WORK ITEM.
Copy every record exactly, with nothing left out.

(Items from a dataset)
**********
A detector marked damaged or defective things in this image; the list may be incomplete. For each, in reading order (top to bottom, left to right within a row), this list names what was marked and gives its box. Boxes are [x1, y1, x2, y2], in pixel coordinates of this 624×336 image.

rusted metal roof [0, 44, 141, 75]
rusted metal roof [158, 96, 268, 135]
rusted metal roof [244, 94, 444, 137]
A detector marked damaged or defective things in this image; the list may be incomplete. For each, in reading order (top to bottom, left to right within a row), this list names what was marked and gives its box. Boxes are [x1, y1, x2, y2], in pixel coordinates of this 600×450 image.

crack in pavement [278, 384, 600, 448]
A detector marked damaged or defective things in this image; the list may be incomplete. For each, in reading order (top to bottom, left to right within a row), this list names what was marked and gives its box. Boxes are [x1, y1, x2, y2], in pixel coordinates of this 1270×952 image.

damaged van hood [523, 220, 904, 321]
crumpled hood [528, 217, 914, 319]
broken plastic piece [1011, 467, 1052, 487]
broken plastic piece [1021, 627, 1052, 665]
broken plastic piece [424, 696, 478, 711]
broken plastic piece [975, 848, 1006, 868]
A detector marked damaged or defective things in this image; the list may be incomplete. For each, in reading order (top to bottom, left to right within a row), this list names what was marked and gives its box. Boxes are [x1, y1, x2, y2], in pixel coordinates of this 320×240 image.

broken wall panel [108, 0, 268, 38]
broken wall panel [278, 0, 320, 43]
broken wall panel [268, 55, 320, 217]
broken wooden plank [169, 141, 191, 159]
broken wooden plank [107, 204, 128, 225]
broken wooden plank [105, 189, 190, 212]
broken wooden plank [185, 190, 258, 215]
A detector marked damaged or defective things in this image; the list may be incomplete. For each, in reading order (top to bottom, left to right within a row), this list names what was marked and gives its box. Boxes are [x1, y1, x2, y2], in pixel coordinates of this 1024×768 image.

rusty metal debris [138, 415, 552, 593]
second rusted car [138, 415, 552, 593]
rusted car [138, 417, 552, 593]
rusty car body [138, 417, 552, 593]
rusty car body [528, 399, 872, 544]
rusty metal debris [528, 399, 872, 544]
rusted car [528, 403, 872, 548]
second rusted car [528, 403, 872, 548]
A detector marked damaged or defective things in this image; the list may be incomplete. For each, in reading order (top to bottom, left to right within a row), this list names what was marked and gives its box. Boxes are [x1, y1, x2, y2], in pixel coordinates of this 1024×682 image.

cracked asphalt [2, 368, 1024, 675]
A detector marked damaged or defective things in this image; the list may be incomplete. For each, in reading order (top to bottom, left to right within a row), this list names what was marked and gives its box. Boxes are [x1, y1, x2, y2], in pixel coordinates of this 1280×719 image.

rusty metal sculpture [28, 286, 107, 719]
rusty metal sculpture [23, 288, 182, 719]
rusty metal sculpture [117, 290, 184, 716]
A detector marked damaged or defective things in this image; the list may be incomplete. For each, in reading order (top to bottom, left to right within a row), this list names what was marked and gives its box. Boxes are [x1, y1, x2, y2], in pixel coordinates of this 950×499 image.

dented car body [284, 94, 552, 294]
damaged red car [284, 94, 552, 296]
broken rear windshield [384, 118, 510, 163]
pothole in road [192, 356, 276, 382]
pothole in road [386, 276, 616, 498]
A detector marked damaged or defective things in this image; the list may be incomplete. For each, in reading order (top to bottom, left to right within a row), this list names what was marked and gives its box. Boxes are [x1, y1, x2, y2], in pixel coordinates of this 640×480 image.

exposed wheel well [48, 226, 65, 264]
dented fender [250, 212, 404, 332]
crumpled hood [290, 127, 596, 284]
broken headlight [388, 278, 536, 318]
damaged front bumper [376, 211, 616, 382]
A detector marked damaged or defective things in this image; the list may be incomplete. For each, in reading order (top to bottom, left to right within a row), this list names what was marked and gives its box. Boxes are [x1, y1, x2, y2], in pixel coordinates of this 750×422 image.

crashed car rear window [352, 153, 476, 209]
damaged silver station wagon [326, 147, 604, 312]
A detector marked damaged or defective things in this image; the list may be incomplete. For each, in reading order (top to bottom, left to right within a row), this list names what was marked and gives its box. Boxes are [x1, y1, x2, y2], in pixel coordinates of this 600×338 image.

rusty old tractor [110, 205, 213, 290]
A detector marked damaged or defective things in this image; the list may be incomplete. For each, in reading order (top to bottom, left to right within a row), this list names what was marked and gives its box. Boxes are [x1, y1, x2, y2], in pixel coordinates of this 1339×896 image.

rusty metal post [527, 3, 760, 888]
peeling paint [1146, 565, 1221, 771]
**********
EXERCISE ANSWER.
A detector marked damaged or defective things in this image; the list may be incomplete. For each, in reading order (top to bottom, left to right within a row), this list names what was marked and gives its box. Boxes are [x1, y1, x2, y2], in pixel coordinates of this 624×336 image.

rusted metal roof [0, 44, 141, 75]
rusted metal roof [158, 96, 268, 135]
rusted metal roof [244, 94, 444, 137]
A detector marked damaged or defective things in this image; the list may be incomplete. For each, in reading order (top to bottom, left to right within a row), this list names what was marked and gives its box. Boxes are [x1, y1, x2, y2], in pixel coordinates of this 600×450 image.

crack in pavement [278, 384, 600, 448]
A detector marked damaged or defective things in this image; the list may be incomplete. For each, in reading order (top to bottom, left to right within a row), this list names what was marked and gives its box. Boxes are [x1, y1, x2, y2], in pixel coordinates of this 1270×952 image.

damaged van hood [523, 220, 904, 321]
crumpled hood [528, 217, 914, 319]
broken plastic piece [1011, 467, 1052, 487]
broken plastic piece [1021, 627, 1052, 665]
broken plastic piece [424, 696, 478, 711]
broken plastic piece [975, 848, 1006, 868]
A detector marked damaged or defective things in this image; the list may be incomplete. For each, in reading order (top to bottom, left to right within a row), this list names what was marked and gives its box. Boxes are [x1, y1, x2, y2], in pixel coordinates of this 320×240 image.

broken wall panel [108, 0, 268, 38]
broken wall panel [278, 0, 320, 43]
broken wall panel [268, 55, 320, 217]
broken wooden plank [169, 141, 191, 159]
broken wooden plank [107, 204, 128, 225]
broken wooden plank [105, 189, 190, 212]
broken wooden plank [185, 190, 258, 215]
A detector marked damaged or defective things in this image; the list may be incomplete. For each, in reading order (top to bottom, left to right within a row), this list names what was marked and gives its box. Boxes are [x1, y1, x2, y2], in pixel coordinates of this 1024×768 image.

rusty metal debris [138, 415, 552, 593]
second rusted car [138, 415, 552, 593]
rusted car [138, 417, 552, 593]
rusty car body [138, 417, 552, 593]
rusty car body [528, 399, 872, 544]
rusty metal debris [528, 399, 872, 544]
rusted car [528, 403, 872, 548]
second rusted car [528, 403, 872, 548]
A detector marked damaged or defective things in this image; the list may be incomplete. For each, in reading order (top to bottom, left to right within a row), this list names what was marked and gives its box. Boxes are [x1, y1, x2, y2], in pixel coordinates of this 1024×682 image.

cracked asphalt [2, 368, 1024, 675]
A detector marked damaged or defective things in this image; the list may be incomplete. For each, in reading order (top to bottom, left to right within a row), this list names what was marked and gives its box. Boxes are [x1, y1, x2, y2], in pixel coordinates of this 1280×719 image.

rusty metal sculpture [28, 286, 107, 719]
rusty metal sculpture [23, 288, 182, 719]
rusty metal sculpture [117, 290, 184, 716]
A detector marked damaged or defective things in this image; the list may be incomplete. For each, in reading order (top to bottom, left to right within a row), this list names what was marked and gives its box. Boxes are [x1, y1, x2, y2], in pixel coordinates of this 950×499 image.

dented car body [284, 94, 552, 294]
damaged red car [284, 94, 552, 296]
broken rear windshield [384, 118, 510, 163]
pothole in road [192, 356, 276, 382]
pothole in road [386, 276, 616, 498]
A detector marked damaged or defective things in this image; the list may be incomplete. For each, in reading order (top to bottom, left to right within a row), this list names what was marked and gives its box. Boxes are [x1, y1, x2, y2], in pixel coordinates of this 640×480 image.

exposed wheel well [48, 226, 65, 264]
dented fender [250, 212, 404, 332]
crumpled hood [290, 127, 596, 284]
broken headlight [388, 278, 536, 318]
damaged front bumper [376, 211, 616, 382]
A detector marked damaged or defective things in this image; the list may be incomplete. For each, in reading order (top to bottom, left to right within a row), this list names what was marked and gives its box. Boxes are [x1, y1, x2, y2], in pixel coordinates of this 750×422 image.

crashed car rear window [352, 153, 476, 209]
damaged silver station wagon [326, 147, 604, 312]
A detector marked damaged or defective things in this image; the list may be incomplete. For each, in reading order (top to bottom, left to right within a row), this list names what was marked and gives its box. Boxes are [x1, y1, x2, y2], in pixel coordinates of this 600×338 image.

rusty old tractor [110, 205, 213, 290]
A detector marked damaged or defective things in this image; the list may be incomplete. For each, in reading order (top to bottom, left to right within a row), this list names what was marked and gives its box. Boxes are [x1, y1, x2, y2], in pixel coordinates of this 1339×896 image.

rusty metal post [527, 3, 760, 888]
peeling paint [1146, 565, 1221, 771]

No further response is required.